A. Operating Results
We are a global, commercial stage biopharmaceutical company developing innovative protein replacement therapies and precision medicines for the treatment of rare diseases and unmet medical needs. The flagship of our portfolio is our recombinant human C1 esterase inhibitor, or rhC1INH, franchise. C1INH is a naturally occurring protein that down-regulates the complement cascade in order to control swelling in affected tissues. Our lead product, RUCONEST® is the first and only plasma-free rhC1INH protein replacement therapy. It is approved for the treatment of acute hereditary angioedema, or HAE, attacks. We are commercializing RUCONEST® in the United States, European Union and the United Kingdom through our own sales and marketing organization, and the rest of the world through our distribution network. We are also developing rhC1INH for subsequent indications, including pre- eclampsia, Acute Kidney Injury and we are also investigating the clinical efficacy of rhC1INH in COVID-19. In addition, we are studying our oral precision medicine, leniolisib (a phosphoinositide 3-kinase delta, or PI3K delta, inhibitor), for the treatment of activated PI3K delta syndrome, or APDS, in a registration enabling Phase 2/3 study in the US and Europe. Furthermore, we are also leveraging our transgenic manufacturing technology to develop next-generation protein replacement therapies, most notably for Pompe disease, which program is in the pre-clinical stage.

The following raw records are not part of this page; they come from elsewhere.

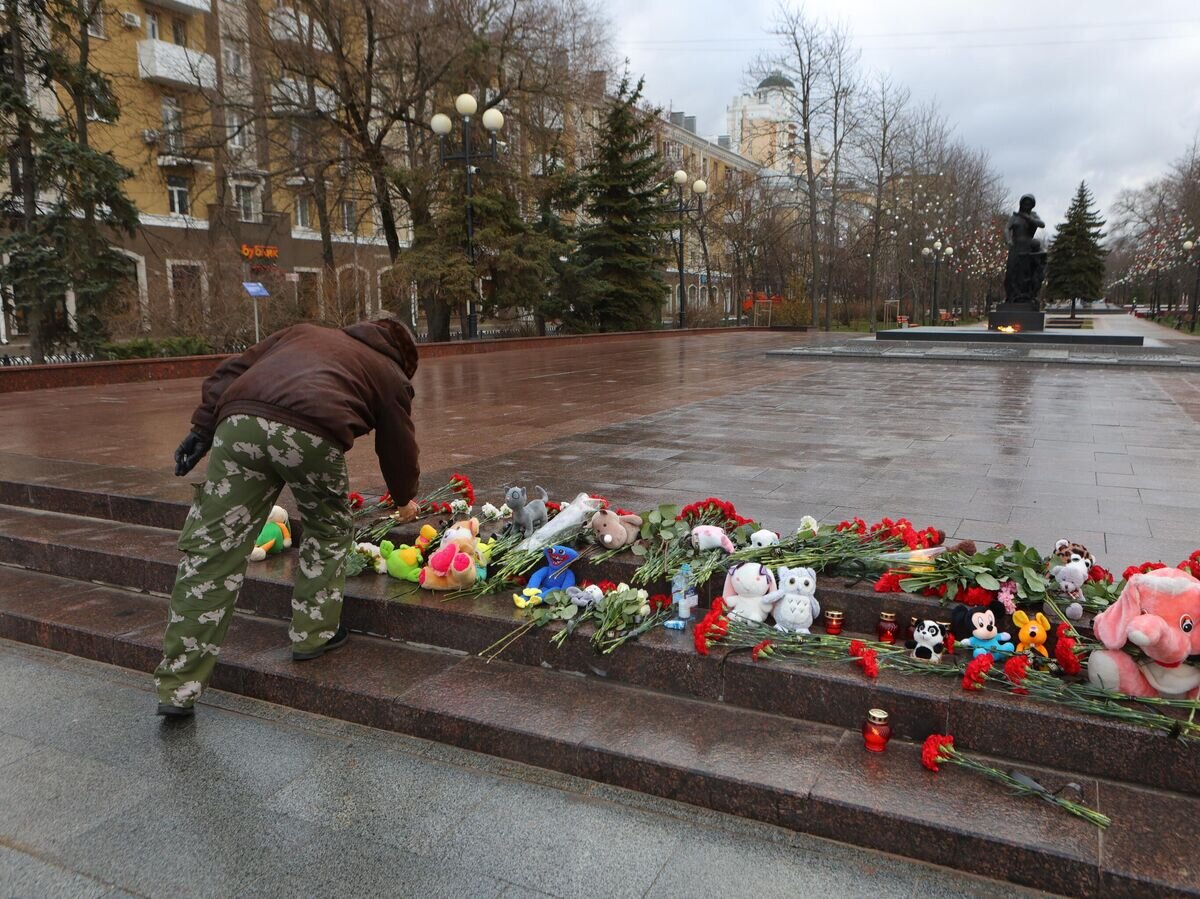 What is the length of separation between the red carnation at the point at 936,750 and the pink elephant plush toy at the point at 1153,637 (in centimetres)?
55

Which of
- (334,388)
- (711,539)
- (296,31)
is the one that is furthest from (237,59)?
→ (711,539)

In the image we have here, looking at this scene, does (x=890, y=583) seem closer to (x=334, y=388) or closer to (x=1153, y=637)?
(x=1153, y=637)

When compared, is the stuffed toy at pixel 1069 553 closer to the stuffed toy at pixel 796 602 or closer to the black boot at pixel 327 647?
the stuffed toy at pixel 796 602

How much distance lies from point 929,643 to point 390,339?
8.01ft

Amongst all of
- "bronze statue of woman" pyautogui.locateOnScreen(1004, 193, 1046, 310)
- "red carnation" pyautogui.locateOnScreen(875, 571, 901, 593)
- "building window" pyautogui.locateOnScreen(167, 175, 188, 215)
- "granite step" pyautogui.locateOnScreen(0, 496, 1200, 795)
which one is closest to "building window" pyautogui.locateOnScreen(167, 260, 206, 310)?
"building window" pyautogui.locateOnScreen(167, 175, 188, 215)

Our revenues from the sale of RUCONEST® for the treatment of acute HAE attacks were €185.7 million, €169.0 million and €135.1 million for the years ended December 31, 2020, 2019 and 2018, respectively. We are currently marketing RUCONEST® in the United States, the United Kingdom and the European Union through our own sales force, and RUCONEST® is being sold in South Korea, Israel and certain Central and South American countries through our distributor network.

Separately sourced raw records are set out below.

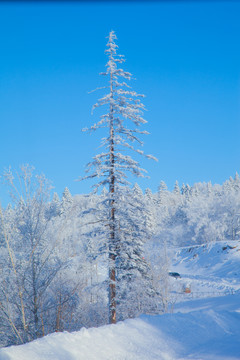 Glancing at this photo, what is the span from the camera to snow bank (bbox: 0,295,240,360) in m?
5.83

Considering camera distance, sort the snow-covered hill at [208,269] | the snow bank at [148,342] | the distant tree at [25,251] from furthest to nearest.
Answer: the snow-covered hill at [208,269] < the distant tree at [25,251] < the snow bank at [148,342]

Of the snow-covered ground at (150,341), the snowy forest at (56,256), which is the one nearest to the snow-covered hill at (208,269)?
the snowy forest at (56,256)

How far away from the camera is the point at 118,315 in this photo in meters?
16.2

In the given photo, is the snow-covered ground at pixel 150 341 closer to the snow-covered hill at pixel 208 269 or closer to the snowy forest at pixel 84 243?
the snowy forest at pixel 84 243

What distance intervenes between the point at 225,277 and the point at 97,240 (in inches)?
1440

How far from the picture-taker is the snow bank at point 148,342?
5.83 m

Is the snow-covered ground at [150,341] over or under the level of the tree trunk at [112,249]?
under

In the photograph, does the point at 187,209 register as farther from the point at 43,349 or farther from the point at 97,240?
the point at 43,349

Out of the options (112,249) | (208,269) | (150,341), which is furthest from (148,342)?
(208,269)

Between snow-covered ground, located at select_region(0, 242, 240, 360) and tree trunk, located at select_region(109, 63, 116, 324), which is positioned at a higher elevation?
tree trunk, located at select_region(109, 63, 116, 324)

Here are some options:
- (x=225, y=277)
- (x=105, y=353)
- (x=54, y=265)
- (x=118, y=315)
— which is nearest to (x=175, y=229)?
(x=225, y=277)

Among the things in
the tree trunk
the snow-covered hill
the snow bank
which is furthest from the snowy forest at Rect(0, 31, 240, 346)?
the snow-covered hill

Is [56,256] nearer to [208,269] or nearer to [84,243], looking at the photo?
[84,243]

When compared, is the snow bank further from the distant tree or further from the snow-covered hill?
the snow-covered hill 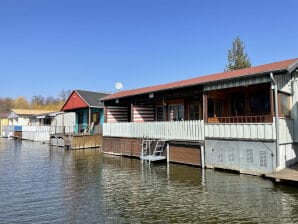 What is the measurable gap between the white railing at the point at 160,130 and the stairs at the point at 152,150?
39 centimetres

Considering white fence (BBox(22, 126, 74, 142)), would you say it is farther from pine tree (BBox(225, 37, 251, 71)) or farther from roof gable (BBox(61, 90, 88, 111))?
pine tree (BBox(225, 37, 251, 71))

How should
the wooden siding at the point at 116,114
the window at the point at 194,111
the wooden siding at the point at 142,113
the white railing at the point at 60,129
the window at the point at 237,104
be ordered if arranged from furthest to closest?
1. the white railing at the point at 60,129
2. the wooden siding at the point at 116,114
3. the wooden siding at the point at 142,113
4. the window at the point at 194,111
5. the window at the point at 237,104

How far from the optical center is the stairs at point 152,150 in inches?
671

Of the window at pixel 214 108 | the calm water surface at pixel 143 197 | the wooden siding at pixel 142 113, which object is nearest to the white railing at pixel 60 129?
the wooden siding at pixel 142 113

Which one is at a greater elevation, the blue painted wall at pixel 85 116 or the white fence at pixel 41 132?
the blue painted wall at pixel 85 116

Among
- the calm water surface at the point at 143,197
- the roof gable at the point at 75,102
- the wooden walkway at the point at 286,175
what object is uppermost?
the roof gable at the point at 75,102

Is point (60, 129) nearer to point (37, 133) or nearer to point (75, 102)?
point (75, 102)

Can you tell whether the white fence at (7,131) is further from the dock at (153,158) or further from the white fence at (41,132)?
the dock at (153,158)

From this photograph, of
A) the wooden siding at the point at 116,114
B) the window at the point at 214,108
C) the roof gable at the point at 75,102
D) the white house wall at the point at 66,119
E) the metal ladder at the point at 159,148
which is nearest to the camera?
the window at the point at 214,108

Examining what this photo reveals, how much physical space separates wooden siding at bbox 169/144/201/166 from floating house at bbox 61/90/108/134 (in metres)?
14.1

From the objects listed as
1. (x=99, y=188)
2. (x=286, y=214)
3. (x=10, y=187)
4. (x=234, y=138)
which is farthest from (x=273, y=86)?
(x=10, y=187)

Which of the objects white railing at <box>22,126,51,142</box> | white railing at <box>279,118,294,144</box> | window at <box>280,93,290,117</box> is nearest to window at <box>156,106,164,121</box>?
window at <box>280,93,290,117</box>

Key Factors Affecting Our Performance
Our ability to expand approved indications and markets for rhC1INH
We are working to expand the rhC1INH franchise through clinical investigations. In particular, we are developing rhC1INH for use in indications such as COVID-19, pre-eclampsia and acute kidney injury. We are also developing leniolisib for the treatment of APDS and applying our transgenic manufacturing technology to develop an ERT for the treatment of Pompe disease. Our ability to generate revenue from these potential new indications and markets depends on our success in completing development of and commercializing such products and product candidates, which will require a significant investment of time and resources, as well as regulatory approval, and may not ultimately prove successful.